A Reflection on Data Visualizations

This week I was catching up on recent blog posts in my RSS feed and I stumbled upon a very interesting (and very pretty) visualization of Baltic Sea Traffic (thanks to James Cheshire at for posting this video!). This visualization got me thinking about the benefits of using visualizations to represent big data, how visualizations can be argumentative, and the consequences of these realizations on how we critically examine such visualizations. But first, let’s take a look at the video:

So what does this visualization show us about the potential of using visualizations to represent data? First, it shows us how big data visualizations help viewers understand the scale and quantity of our data.
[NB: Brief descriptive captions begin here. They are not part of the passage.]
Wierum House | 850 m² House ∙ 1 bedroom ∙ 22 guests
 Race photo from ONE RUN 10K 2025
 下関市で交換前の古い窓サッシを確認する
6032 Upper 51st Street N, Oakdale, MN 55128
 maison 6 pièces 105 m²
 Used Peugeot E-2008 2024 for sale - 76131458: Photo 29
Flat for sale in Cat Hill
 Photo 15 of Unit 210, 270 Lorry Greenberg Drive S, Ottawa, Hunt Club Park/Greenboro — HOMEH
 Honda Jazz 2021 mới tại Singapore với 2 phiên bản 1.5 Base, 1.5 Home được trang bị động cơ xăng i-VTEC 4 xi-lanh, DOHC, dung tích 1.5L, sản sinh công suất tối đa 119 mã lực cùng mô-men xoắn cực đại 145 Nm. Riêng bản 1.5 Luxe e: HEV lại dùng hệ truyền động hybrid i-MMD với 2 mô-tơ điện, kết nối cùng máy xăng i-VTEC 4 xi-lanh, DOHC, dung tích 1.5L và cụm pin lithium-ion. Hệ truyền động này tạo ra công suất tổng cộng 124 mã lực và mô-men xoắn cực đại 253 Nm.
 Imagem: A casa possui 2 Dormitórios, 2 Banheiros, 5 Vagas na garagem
It reminds me of the often-used Stalin quote, “A single death is a tragedy; a million deaths is a statistic.” In the Baltic Sea Traffic visualization, sure they could just say how many ships travel in and around the Baltic Sea on any given day. But that is just a number, and a really large one at that. If they just said there were–to make up a number–100,000 ships per day, would we really be able to understand how many ships there were? Would we get a sense of their routes? I think the answer is no. When I see a number like 100,000, I understand that it is a large number but I cannot really picture it. This visualization is so much more effective at getting the viewer to understand the sheer number of ships moving in and out of the Baltic Sea on a given day. By depicting each ship as its own node we get to see their movement and interaction in real time. It is a truly chaotic picture, which is made even more effective by showing the number of accidents, collisions, groundings, and illegal spills in the middle of the traffic visualization. These sorts of big data visualizations give us a way to demonstrate large-scale data in a more effective way than just numbers or prose.

This brings up another aspect of visualizations that I think is very important. Visualizations are not just evidence that supports a given argument. They are not just data or information.  Visualizations can be argumentative. Sure you might want to add some prose to explain or flesh out the argument, but this three-minute video mostly lets the moving image speak for itself. And I think it is more powerful because of that.

Finally, if visualizations can be argumentative then we, as critical humanists, must evaluate these visualizations as arguments–meaning we need to consider intentionality and purpose when analyzing the strength and value of these visual arguments. Much like a photograph or a work of art, these visualizations have a purpose and a message that affects the way they are constructed or displayed. This intentionality must be critically examined when evaluating these visualizations.